Tercero, la instalación de la problemá­tica de las nuevas tecnologías y el mayor desarrollo teórico de la investigación re­gional se han producido en el contexto de una renovación general de los focos y perspectivas pre‑existentes. Los trabajos que en este mismo número atienden más específicamente a los medios masivos (como son los de Amaral y Guimaraes, Fox, Fuensalida y Salinas), o a los esfuer­zos de integración regional (Pasquini, Ro­dríguez y otra vez Salinas) lo hacen desde una perspectiva renovada, crítica y auto­crítica con relación a las aproximaciones (a veces ingenuas) de las décadas pasa­das, abriendo así nuevos derroteros para la investigación y las prácticas sociales; políticas de comunicación construidas “desde abajo”, redes populares y no gu­bernamentales, recepción crítica, etc.

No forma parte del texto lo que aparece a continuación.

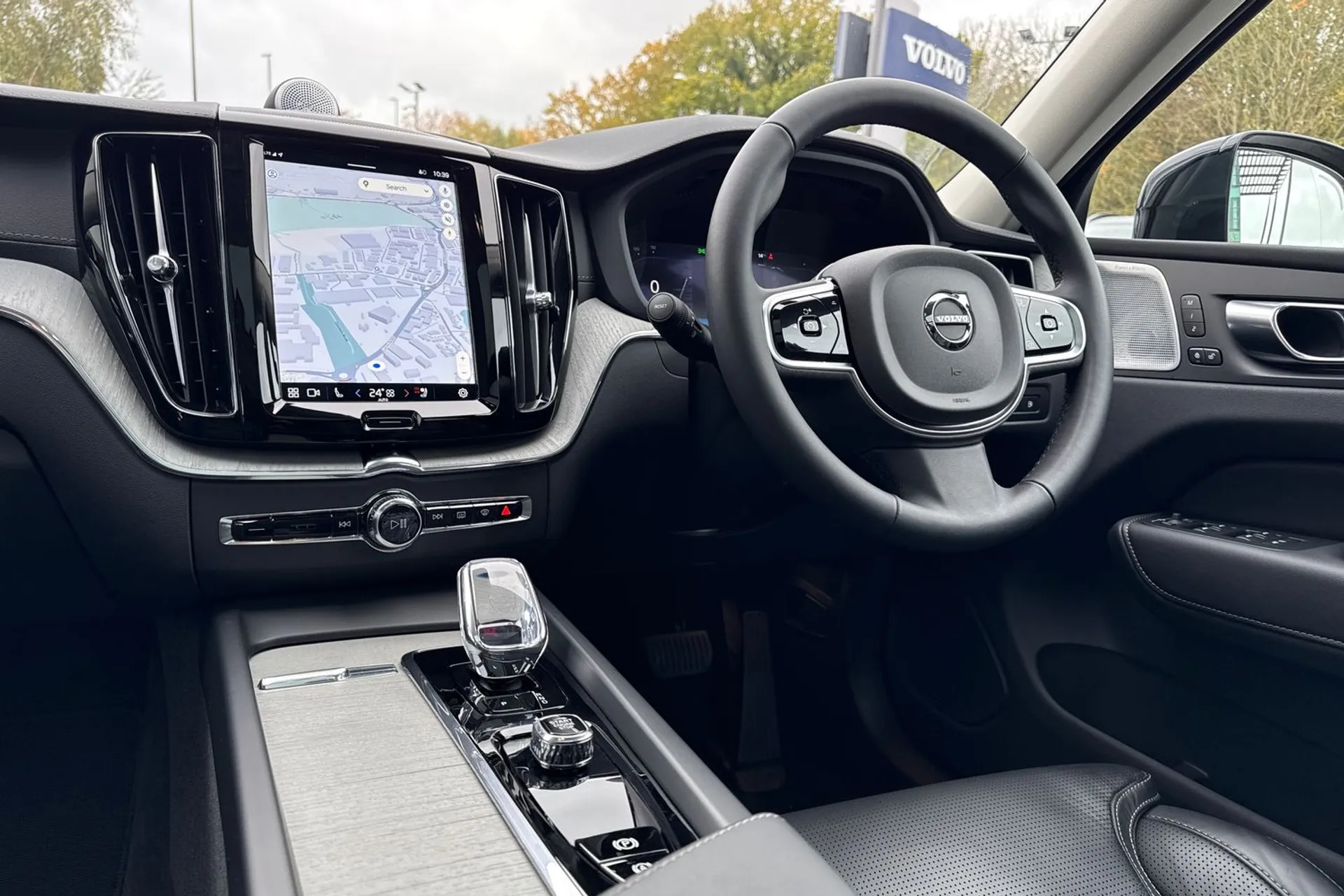 Volvo XC60 thumbnail image number 35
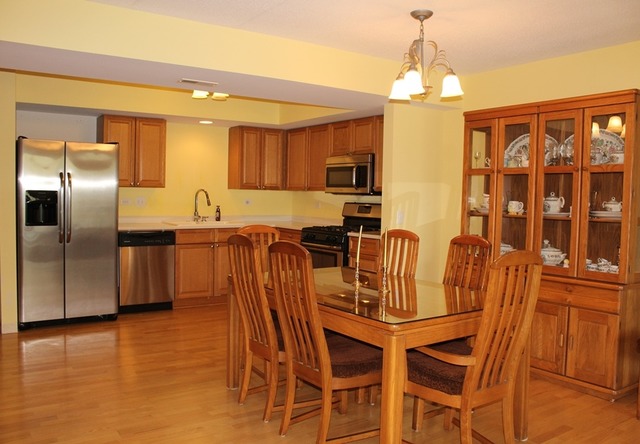 8030 Riverwalk Dr #3E, Lyons, IL 60534 photo 3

Por último, merece destacarse la im­portancia de los cuatro artículos finales. En ellos se pasa revista a la bibliografía (Martín‑Barbero), a la nemerografía (Gon­zaga Motta), a los centros de investiga­ción (Marques de Melo) y a las facultades y escuelas de comunicación (Fuentes). Estos balances (impensables e irrealiza­ble años atrás) ofrecen una imagen elo­cuente del sólido tejido en que se asienta la investigación latinoamericana en comu­nicaciones.

La interacción entre las facultades y es­cuelas, a través de la FELAFACS, ha me­jorado notablemente la utilización de los productos de investigación por parte de los docentes y alumnos de comunicacio­nes en toda la región. La existencia de una red latinoamericana de revistas de comunicación, así como el intercambio de información y las co‑producciones en ma­teria editorial, hacen el proceso crecien­temente acumulativo. La reconstitución de la Asociación Latinoamericana de Investi­gadores en Comunicación (ALAIC), pró­xima a reunirse en Florianopolis (SC), Brasil, en septiembre de este año ‑para­lelamente al encuentro iberoamericano de investigadores‑, indica que el tejido se nutre y se expande. La presente entre­ga de TELOS puede asumirse, en este contexto, como un aporte adicional y rele­vante al proceso regional de reflexión.